Raphael abre los brazos hacia el auditorio.
Ángel Vázquez / Córdoba

05 de octubre 2015 - 05:00

RAPHAEL + ORQUESTA DE CÓRDOBA

Teatro de la Axerquía, lleno. 3 de octubre.

Ha sido al primero al que han llamado. Clamaba al cielo ya lo suyo. Era un secreto a voces. Por evidente. Por incontestable. Era la comidilla en concesionarios y aseguradoras. La envidia en los semáforos. La lujuria en los mercados. Ha sido una llamada corta y fría que él se ha tomado con sorna, porque la esperaba. Llegaba al hotel tras su concierto en el teatro de la Axerquía. Apenas entraba en la habitación ha sonado el móvil.

-Lo lamentamos, pero tenemos que informarle de que usted es uno de los afectados.

Una sonrisa cómplice se ha asomado a su rostro."Puede que el que más".

Aún vestía el traje oscuro y llevaba la chaqueta sobre un hombro. "Lo sabíamos desde hace tiempo, pero ahora ya no podemos ocultarlo más, sobre todo después de lo de esta noche". Cuatro pasos, cinco… se gira. "Teníamos la esperanza de que abandonaría la competición, pero el asunto se nos ha ido de las manos".

Unas horas antes, Raphael ha repasado durante casi tres horas un repertorio que siempre podría ser más extenso, siempre deja distinta huella, en el que siempre falta algo, porque es inabarcable.

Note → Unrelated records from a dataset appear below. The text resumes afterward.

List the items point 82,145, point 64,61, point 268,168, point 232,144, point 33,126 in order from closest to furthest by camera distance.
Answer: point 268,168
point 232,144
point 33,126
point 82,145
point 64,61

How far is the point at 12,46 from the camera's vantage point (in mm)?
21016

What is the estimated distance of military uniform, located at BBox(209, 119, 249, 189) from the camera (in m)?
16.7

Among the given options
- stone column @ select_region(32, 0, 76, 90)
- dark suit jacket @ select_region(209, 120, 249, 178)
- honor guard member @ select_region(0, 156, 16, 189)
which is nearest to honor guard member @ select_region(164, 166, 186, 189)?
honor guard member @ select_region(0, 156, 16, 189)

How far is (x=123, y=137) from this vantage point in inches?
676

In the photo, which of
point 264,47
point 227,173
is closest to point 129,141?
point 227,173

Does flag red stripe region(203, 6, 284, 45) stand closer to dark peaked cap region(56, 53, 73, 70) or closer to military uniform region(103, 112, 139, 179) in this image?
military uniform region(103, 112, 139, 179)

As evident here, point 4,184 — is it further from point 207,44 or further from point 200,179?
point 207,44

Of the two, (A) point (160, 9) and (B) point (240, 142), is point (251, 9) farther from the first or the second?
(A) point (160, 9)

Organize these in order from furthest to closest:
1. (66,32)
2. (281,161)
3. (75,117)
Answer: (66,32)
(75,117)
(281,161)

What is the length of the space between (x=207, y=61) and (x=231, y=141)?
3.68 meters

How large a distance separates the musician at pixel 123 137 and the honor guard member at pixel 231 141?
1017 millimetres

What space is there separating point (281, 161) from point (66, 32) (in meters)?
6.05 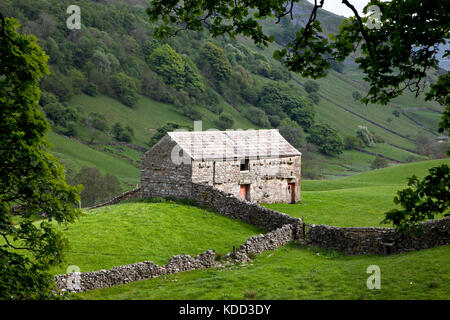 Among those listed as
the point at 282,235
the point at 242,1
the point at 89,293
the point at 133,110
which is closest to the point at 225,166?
the point at 282,235

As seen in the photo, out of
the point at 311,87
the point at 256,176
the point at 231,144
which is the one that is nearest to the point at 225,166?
the point at 231,144

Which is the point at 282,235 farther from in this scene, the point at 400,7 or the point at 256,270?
the point at 400,7

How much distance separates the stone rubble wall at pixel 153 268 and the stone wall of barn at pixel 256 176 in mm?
10713

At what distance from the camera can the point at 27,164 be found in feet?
38.8

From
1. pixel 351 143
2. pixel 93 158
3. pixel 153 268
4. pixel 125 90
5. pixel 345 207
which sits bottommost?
pixel 93 158

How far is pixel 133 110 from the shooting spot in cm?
12875

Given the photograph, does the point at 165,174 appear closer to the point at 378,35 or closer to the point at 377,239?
the point at 377,239

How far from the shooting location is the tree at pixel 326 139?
13350cm

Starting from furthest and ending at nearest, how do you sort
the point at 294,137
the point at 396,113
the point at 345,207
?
the point at 396,113 < the point at 294,137 < the point at 345,207

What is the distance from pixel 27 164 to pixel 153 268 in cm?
926

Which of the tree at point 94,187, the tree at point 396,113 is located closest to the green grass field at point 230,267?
the tree at point 94,187

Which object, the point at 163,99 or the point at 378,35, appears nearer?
the point at 378,35

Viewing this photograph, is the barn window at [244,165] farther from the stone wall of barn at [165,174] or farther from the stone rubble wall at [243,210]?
the stone rubble wall at [243,210]

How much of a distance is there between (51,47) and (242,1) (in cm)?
13560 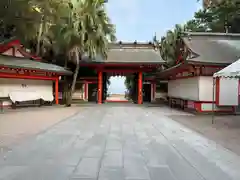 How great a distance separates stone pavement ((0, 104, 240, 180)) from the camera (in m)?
4.54

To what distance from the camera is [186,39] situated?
18078 mm

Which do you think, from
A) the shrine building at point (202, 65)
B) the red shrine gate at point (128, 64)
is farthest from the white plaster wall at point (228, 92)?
the red shrine gate at point (128, 64)

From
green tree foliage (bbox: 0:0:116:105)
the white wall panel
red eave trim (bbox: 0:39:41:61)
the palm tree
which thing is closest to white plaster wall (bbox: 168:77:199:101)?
green tree foliage (bbox: 0:0:116:105)

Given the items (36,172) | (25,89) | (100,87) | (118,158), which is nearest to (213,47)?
(100,87)

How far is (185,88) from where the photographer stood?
60.3ft

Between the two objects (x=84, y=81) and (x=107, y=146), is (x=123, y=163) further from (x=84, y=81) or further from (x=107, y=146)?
(x=84, y=81)

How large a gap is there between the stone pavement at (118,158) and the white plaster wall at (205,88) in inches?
292

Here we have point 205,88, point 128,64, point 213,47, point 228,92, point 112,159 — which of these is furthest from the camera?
point 128,64

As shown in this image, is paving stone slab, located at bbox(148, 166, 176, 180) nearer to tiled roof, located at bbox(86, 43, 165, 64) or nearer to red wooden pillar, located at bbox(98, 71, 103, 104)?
tiled roof, located at bbox(86, 43, 165, 64)

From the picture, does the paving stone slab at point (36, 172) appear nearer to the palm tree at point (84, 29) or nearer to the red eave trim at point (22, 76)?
the red eave trim at point (22, 76)

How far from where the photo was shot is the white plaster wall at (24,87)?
56.2 ft

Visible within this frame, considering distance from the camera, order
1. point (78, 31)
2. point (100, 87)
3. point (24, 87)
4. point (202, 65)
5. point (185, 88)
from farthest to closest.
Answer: point (100, 87), point (78, 31), point (24, 87), point (185, 88), point (202, 65)

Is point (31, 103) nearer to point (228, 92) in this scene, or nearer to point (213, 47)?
point (213, 47)

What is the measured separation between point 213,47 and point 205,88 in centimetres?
330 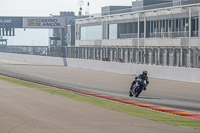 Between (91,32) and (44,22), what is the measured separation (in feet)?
63.8

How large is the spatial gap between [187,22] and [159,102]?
31.5m

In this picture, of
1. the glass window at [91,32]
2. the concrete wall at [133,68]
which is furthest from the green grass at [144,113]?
the glass window at [91,32]

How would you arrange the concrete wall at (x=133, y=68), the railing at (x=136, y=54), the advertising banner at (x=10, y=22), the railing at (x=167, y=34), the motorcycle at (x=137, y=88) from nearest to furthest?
the motorcycle at (x=137, y=88) → the concrete wall at (x=133, y=68) → the railing at (x=136, y=54) → the railing at (x=167, y=34) → the advertising banner at (x=10, y=22)

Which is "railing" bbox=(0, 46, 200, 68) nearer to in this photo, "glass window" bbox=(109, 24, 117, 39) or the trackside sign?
"glass window" bbox=(109, 24, 117, 39)

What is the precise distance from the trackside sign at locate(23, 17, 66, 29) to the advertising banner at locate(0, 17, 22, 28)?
4.31 ft

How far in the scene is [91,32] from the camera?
258 feet

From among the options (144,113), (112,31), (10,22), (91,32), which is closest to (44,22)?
(10,22)

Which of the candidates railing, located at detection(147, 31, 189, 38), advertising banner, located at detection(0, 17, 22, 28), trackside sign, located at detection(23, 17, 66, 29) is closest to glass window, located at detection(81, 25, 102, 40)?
trackside sign, located at detection(23, 17, 66, 29)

Esta vez era la Orquesta de Córdoba la que se sentaba a su lado para delicia de todos en una nueva vuelta de tuerca a un mito intergeneracional que lo mismo huele desde el escenario la jungla festivalera que el alcanfor de un frack. Cuando ya pensábamos que habíamos asistido a todas las versiones posibles de él y de su ego, apareció el sábado relatando (que es lo que él sabe hacer, relatar, que nada que ver tiene con contar) todos esos años intensamente vividos, exprimidos… y es como si todo volviera a empezar de nuevo.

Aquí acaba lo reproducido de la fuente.